A long discussion of the value (or lack thereof) of composefs followed. There are currently two alternatives to composefs that are used for container use cases:

At container boot time, the system image is assembled by creating a large set of symbolic links to the places where the target files actually live. This approach suffers from a lengthy startup time; at least one system call is required to create each of thousands of symbolic links, and that takes time.
The container is given a base image on a read-only filesystem; overlayfs is then used to overlay one or more layers on top to create the container-specific image.

The consensus seems to be that the symbolic-link approach, due to its startup cost, is not a viable alternative to composefs. Goldstein and others do think that the overlayfs approach could be viable, though, perhaps with a few changes to that filesystem. The composefs developers are not so sure.

Considering overlayfs

One current shortcoming with overlayfs, Scrivano said, is that, unlike composefs, it is unable to provide fs-verity protection for the filesystem as a whole. Any changes that affect the overlay layer would bypass that protection. Larsson described an overlayfs configuration that could work (with some improvements to overlayfs), but was unenthusiastic about that option:

However, the main issue I have with the overlayfs approach is that it is sort of clumsy and over-complex. Basically, the composefs approach is laser focused on read-only images, whereas the overlayfs approach just chains together technologies that happen to work, but also do a lot of other stuff.

Among other things, he said, the extra complexity in the overlayfs solution leads to worse performance. The benchmark he used to show this was to create a filesystem using both approaches, then measure the time required to execute an "ls -lR" of the whole thing. In the cold-cache case, the overlayfs solution took about four times as long to run; the performance in the warm-cache case was more comparable, but composefs was still faster.

Goldstein strongly contested the characterization of the overlayfs solution; he also started an extended sub-thread on whether the "ls -lR" benchmark made sense. He added: "I see. composefs is really very optimized for ls -lR. Now only need to figure out if real users start a container and do ls -lR without reading many files is a real life use case." Dave Chinner jumped in to defend this test:

Cold cache performance dominates the runtime of short lived containers as well as high density container hosts being run to their container level memory limits. `ls -lR` is just a microbenchmark that demonstrates how much better composefs cold cache behaviour is than the alternatives being proposed.

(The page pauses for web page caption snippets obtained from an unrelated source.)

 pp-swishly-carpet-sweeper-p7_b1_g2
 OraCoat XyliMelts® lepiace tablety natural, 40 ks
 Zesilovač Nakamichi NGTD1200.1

He added that he has used similar tests to benchmark filesystems for many years and has never had to justify it to anybody. Larsson, meanwhile, explained the emphasis that is being placed on this performance metric (or "key performance indicator" — KPI) this way:

My current work is in automotive, which wants to move to a containerized workload in the car. The primary KPI is cold boot performance, because there are legal requirements for the entire system to boot in 2 seconds. It is also quite typical to have shortlived containers in cloud workloads, and startup time there is very important. In fact, the last few months I've been primarily spending on optimizing container startup performance (as can be seen in the massive improvements to this in the upcoming podman 4.4).

Goldstein finally accepted the importance of this metric and suggested that overlayfs could be changed to provide better cold-cache performance as well. Larsson answered that, if overlayfs could be modified to address the performance gap, it might be the better solution; he also raised doubts as to whether the performance gap could really be closed and whether it made sense to add more complexity to overlayfs.

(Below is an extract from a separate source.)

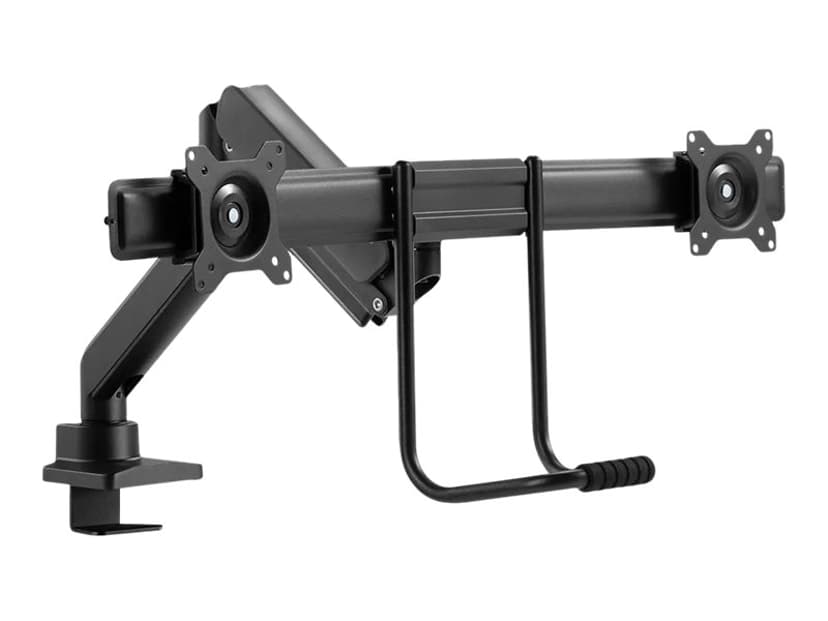 Product image slide 14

The conclusion from this part of the discussion was that some experimentation with overlayfs made sense to see whether it is a viable option or not. Overlayfs maintainer Miklos Szeredi has been mostly absent from the discussion, but did briefly indicate that some of the proposed changes might make sense.

The EROFS option

There was another option that came up a number of times in the discussion, though: enhance the EROFS filesystem to include the functionality provided by composefs. This filesystem, which is designed for embedded, read-only operation, already has fs-verity support. EROFS developer Gao Xiang has repeatedly said that the filesystem could be enhanced to implement the features provided by composefs; indeed, much of that functionality is already there as part of the Nydus mechanism. Scrivano has questioned this idea, though:

Sure composefs is quite simple and you could embed the composefs features in EROFS and let EROFS behave as composefs when provided a similar manifest file. But how is that any better than having a separate implementation that does just one thing well instead of merging different paradigms together?

Gao has suggested that the composefs developers will, sooner or later, want to add support for storing file data (rather than just the manifest metadata), at which point composefs will start to look more like an ordinary filesystem. At such a point, the argument for separating it from other filesystems would not be so strong.

A few performance issues in EROFS (for this use case) were identified in the course of the discussion, and various fixes have been implemented. Jingbo Xu has run a number of benchmarks to measure the results of patches to both EROFS and overlayfs, but none yet have shown that either of the other two options can outperform composefs. That work is still in an early state, though.

As might be imagined, this sprawling conversation did not come to any sort of consensus with regard to whether it makes sense to merge composefs or to, instead, put development effort into one of the alternatives. Chances are that no such conclusion will be reached for the next few months. This is just the sort of decision that the upcoming LSFMM/BPF summit was created to resolve; chances are that there will be an interesting discussion at that venue.

Index entries for this article
Kernel	Filesystems/composefs

Debating composefs

Posted Feb 16, 2023 16:07 UTC (Thu) by bluca (subscriber, #118303) [Link] (9 responses)

> One current shortcoming with overlayfs, Scrivano said, is that, unlike composefs, it is unable to provide fs-verity protection for the filesystem as a whole. Any changes that affect the overlay layer would bypass that protection.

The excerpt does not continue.